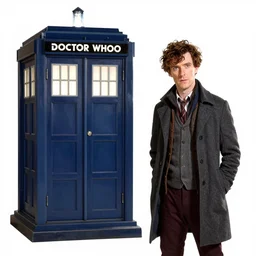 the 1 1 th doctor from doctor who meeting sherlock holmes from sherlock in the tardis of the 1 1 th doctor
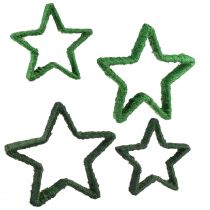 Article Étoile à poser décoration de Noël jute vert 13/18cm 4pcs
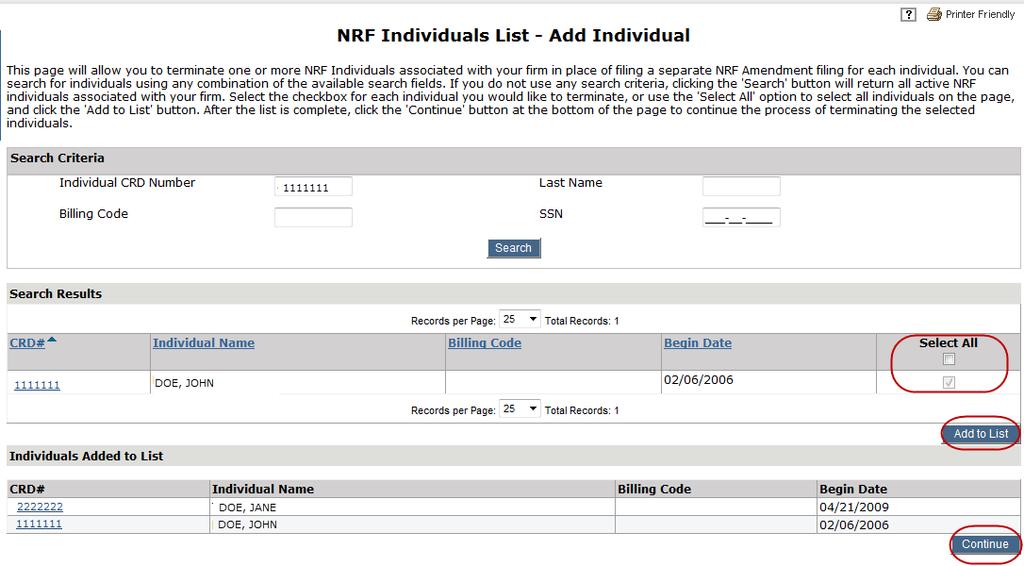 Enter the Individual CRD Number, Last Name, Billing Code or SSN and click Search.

What needs to be done: Without any pictures, transcribe the listing above exactly as written.

Exercise response:
 the 1 1 th doctor from doctor who meeting sherlock holmes from sherlock in the tardis of the 1 1 th doctor
 Article Étoile à poser décoration de Noël jute vert 13/18cm 4pcs
 Enter the Individual CRD Number, Last Name, Billing Code or SSN and click Search.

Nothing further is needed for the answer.